**DATASET CONTENT:**

*** Begin section ***

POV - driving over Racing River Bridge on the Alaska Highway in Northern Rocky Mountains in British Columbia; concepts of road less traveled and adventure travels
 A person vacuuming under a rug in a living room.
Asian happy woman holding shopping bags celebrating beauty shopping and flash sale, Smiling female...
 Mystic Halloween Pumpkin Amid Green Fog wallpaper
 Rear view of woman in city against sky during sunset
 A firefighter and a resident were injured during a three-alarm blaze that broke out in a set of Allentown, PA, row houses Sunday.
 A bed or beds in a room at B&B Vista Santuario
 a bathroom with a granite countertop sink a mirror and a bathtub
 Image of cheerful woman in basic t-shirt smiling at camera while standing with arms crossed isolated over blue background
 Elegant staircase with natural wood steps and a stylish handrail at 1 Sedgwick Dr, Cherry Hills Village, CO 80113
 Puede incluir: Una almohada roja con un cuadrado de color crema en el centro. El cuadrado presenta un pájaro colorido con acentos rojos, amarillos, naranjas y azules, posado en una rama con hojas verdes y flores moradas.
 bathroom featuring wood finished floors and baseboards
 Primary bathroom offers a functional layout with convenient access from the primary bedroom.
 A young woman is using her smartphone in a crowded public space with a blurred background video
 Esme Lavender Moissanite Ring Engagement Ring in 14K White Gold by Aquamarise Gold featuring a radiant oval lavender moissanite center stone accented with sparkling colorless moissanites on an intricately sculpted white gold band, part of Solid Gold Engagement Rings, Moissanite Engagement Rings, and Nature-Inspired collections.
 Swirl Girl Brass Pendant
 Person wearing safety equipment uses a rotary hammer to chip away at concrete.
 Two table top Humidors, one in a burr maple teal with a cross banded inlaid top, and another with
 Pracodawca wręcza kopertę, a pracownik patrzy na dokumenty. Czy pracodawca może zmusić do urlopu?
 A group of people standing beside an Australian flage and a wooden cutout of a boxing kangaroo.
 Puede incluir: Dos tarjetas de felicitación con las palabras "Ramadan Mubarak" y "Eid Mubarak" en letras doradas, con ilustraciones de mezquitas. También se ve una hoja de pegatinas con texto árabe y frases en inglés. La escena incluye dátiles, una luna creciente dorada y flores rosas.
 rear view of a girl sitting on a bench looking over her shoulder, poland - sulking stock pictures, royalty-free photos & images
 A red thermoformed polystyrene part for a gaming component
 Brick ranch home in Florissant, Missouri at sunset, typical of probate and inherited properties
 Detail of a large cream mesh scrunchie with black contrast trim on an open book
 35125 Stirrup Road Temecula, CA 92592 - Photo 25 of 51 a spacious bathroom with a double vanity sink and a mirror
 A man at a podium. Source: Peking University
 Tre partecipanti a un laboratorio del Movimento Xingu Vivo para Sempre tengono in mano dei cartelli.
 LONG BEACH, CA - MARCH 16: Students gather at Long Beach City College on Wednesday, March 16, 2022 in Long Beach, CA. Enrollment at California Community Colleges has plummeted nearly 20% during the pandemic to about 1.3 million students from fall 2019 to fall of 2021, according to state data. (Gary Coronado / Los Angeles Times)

*** End section ***

**TASK TO COMPLETE:** All lines above between those holding "A firefighter and" and "Elegant staircase with", inclusive, must be set down unchanged, and no other line may be included.

**ANSWER FOR THE TASK:**
 A firefighter and a resident were injured during a three-alarm blaze that broke out in a set of Allentown, PA, row houses Sunday.
 A bed or beds in a room at B&B Vista Santuario
 a bathroom with a granite countertop sink a mirror and a bathtub
 Image of cheerful woman in basic t-shirt smiling at camera while standing with arms crossed isolated over blue background
 Elegant staircase with natural wood steps and a stylish handrail at 1 Sedgwick Dr, Cherry Hills Village, CO 80113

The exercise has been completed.